Opening healthcare debate focuses on CBO scoring

Republicans and Democrats have a fundamental disagreement on how the Congressional Budget Office scored the fiscal effects of the bill, and Republicans have all but said they are discounting CBO’s analysis, which says repealing the law would increase the deficit by $230 billion. Van Hollen said Tuesday that ignoring the CBO estimate is an “unprecedented step” that is a “recipe for budget anarchy and fiscal chaos.”

This disagreement is likely to have little effect on passage of H.R. 2, since the Democratically controlled Senate will not take up the bill even after it passes the House. However, the budget battle will likely persist as House Republicans seek to make changes to the healthcare law later in the year, and is expected to complicate attempts to find agreement between the two parties on possible changes to existing law.
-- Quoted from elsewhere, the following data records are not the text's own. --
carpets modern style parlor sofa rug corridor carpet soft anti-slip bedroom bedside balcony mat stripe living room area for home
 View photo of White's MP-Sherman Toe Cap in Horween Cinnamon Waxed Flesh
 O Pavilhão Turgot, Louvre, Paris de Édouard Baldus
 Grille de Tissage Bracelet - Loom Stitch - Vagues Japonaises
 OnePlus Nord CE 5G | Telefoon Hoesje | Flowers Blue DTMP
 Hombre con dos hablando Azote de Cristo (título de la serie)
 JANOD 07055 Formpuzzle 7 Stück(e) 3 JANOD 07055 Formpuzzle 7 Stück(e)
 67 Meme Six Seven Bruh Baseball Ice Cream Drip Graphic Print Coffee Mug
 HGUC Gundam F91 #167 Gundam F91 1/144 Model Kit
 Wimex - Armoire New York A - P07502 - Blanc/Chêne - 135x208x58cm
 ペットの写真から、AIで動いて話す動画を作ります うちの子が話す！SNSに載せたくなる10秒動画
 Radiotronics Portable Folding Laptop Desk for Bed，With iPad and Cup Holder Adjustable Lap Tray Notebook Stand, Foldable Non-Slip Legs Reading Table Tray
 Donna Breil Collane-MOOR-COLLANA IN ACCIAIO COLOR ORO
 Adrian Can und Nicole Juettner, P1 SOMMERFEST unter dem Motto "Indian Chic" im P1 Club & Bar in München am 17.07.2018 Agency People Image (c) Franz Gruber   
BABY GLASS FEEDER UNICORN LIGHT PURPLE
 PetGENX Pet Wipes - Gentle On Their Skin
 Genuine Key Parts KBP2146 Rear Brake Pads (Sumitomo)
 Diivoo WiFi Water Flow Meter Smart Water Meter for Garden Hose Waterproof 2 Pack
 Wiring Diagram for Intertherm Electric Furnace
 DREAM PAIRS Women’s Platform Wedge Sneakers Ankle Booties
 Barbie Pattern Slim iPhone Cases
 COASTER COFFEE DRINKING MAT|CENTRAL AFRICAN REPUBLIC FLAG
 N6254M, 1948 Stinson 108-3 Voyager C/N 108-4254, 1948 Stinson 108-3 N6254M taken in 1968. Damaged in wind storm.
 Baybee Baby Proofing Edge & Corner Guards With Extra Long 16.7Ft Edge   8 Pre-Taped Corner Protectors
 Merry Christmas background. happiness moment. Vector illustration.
Van Hollen argued that the Senate’s decision to ignore H.R. 2 means the seven-hour debate on the bill is largely a waste of time, and called on Republicans to focus on ways to create jobs. To that, Ryan retorted that the repeal bill is a jobs bill. “A half a trillion dollars in tax increases, that creates jobs?” Ryan asked of the healthcare law.

The chairmen and ranking members from House committees on Education and the Workforce, Energy and Commerce, Ways and Means, Judiciary and Small Business will lead other portions of the debate Tuesday and Wednesday, culminating in a Wednesday vote on H.R. 2.